[Opening Task data section]
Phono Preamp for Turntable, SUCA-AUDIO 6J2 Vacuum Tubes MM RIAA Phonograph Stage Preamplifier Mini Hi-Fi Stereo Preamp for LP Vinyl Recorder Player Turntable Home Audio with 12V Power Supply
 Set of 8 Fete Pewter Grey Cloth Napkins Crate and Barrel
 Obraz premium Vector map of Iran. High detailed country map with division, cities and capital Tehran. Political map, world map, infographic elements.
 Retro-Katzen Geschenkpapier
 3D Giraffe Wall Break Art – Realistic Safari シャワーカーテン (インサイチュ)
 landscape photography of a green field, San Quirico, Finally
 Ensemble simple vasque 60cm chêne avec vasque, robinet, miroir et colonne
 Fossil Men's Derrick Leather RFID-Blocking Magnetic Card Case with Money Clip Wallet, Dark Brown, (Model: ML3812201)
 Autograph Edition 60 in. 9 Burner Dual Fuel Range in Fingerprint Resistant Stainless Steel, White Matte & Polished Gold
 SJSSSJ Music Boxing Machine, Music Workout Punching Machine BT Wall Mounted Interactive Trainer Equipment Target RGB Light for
[Closing Task data section]
[Opening Task data section]
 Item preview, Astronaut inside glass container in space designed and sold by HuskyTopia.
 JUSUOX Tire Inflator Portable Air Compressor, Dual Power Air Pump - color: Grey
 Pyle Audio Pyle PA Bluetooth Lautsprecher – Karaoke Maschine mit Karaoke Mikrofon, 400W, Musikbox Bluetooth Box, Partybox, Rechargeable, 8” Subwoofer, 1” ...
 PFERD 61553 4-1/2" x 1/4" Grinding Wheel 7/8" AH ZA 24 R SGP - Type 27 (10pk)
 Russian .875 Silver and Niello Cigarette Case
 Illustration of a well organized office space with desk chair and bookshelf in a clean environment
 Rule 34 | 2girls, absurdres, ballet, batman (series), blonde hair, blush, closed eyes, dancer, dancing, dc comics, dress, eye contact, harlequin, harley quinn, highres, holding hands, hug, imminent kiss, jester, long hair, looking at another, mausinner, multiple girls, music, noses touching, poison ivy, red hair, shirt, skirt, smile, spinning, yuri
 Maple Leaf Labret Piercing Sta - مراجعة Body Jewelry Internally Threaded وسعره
[Closing Task data section]
[Opening Task data section]
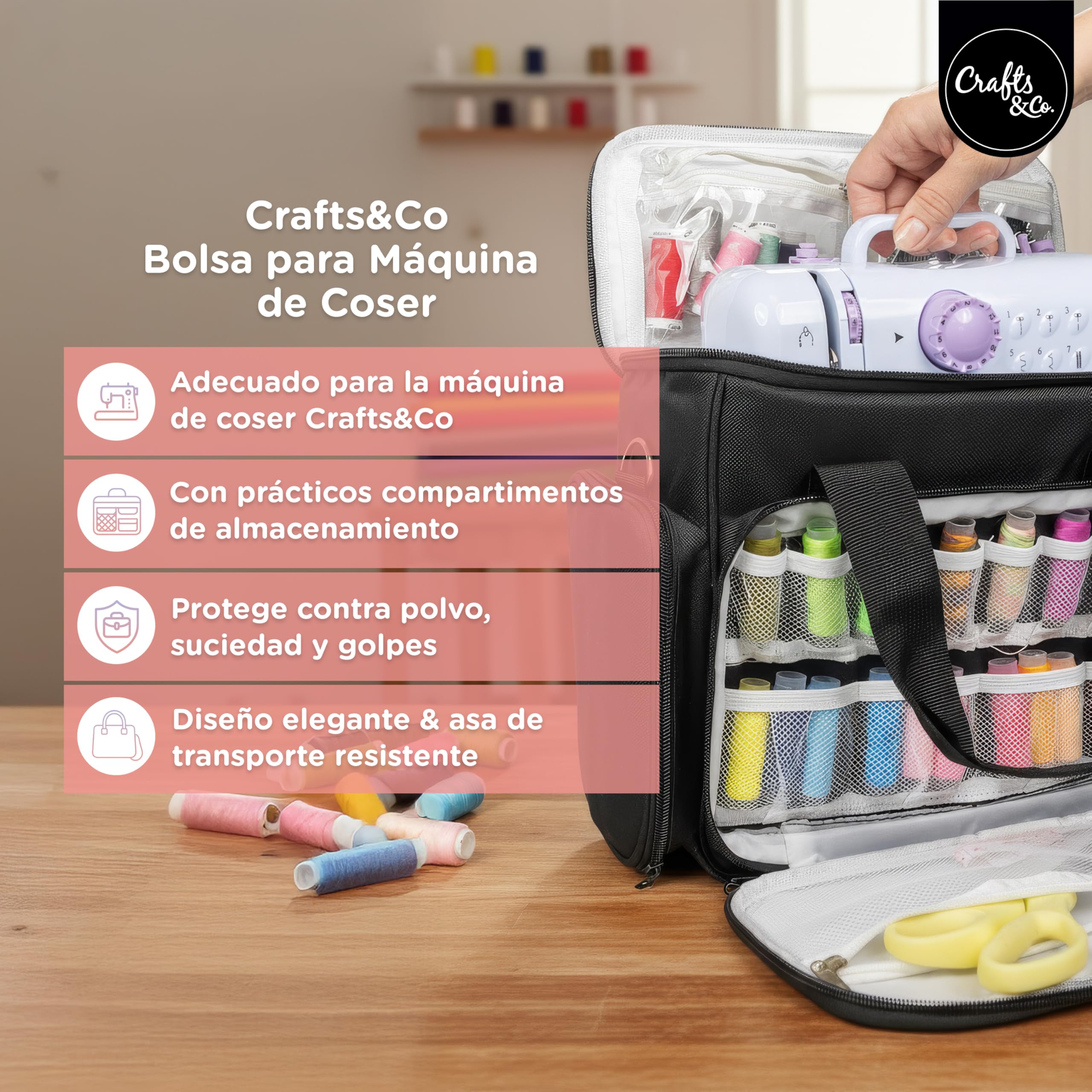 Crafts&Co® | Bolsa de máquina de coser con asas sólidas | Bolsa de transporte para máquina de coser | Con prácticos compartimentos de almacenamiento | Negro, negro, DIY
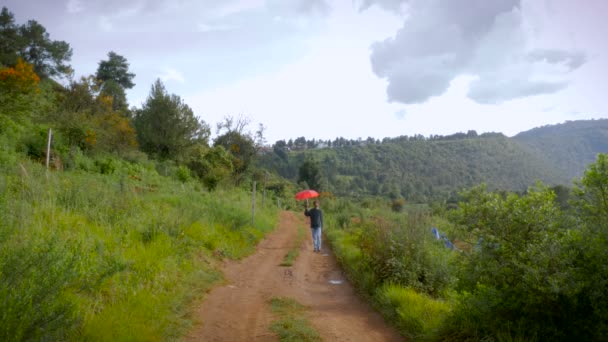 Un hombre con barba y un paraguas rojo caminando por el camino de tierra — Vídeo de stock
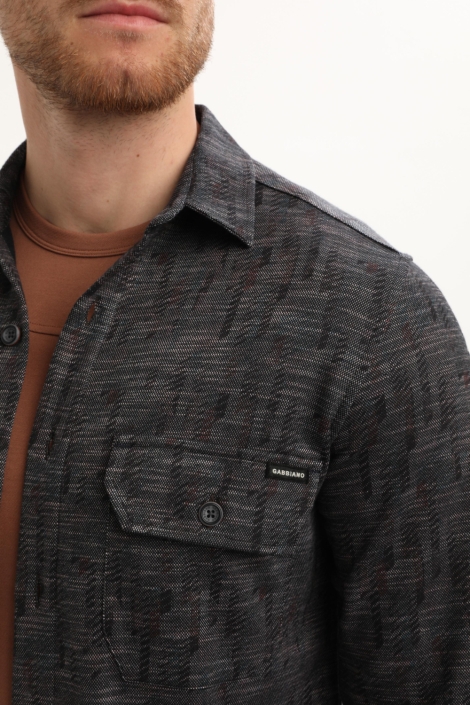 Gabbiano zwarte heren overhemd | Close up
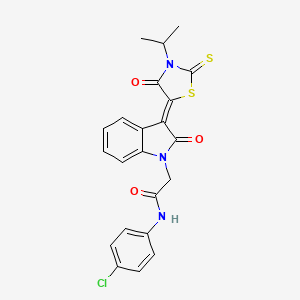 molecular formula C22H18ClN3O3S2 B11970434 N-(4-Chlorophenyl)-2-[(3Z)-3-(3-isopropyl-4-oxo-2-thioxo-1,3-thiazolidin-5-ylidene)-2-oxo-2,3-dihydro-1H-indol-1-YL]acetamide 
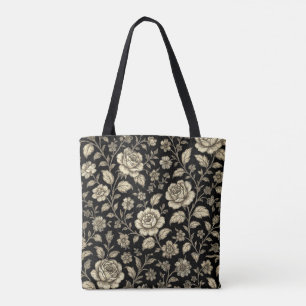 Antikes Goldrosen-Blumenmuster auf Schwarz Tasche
[Closing Task data section]
What you have to do:
Whatever pictures the records hold, omit them; give again exactly the lines from the one containing "molecular formula C22H18ClN3O3S2" through the one containing "Antikes Goldrosen-Blumenmuster auf".

Result for this task:
 molecular formula C22H18ClN3O3S2 B11970434 N-(4-Chlorophenyl)-2-[(3Z)-3-(3-isopropyl-4-oxo-2-thioxo-1,3-thiazolidin-5-ylidene)-2-oxo-2,3-dihydro-1H-indol-1-YL]acetamide 
 Antikes Goldrosen-Blumenmuster auf Schwarz Tasche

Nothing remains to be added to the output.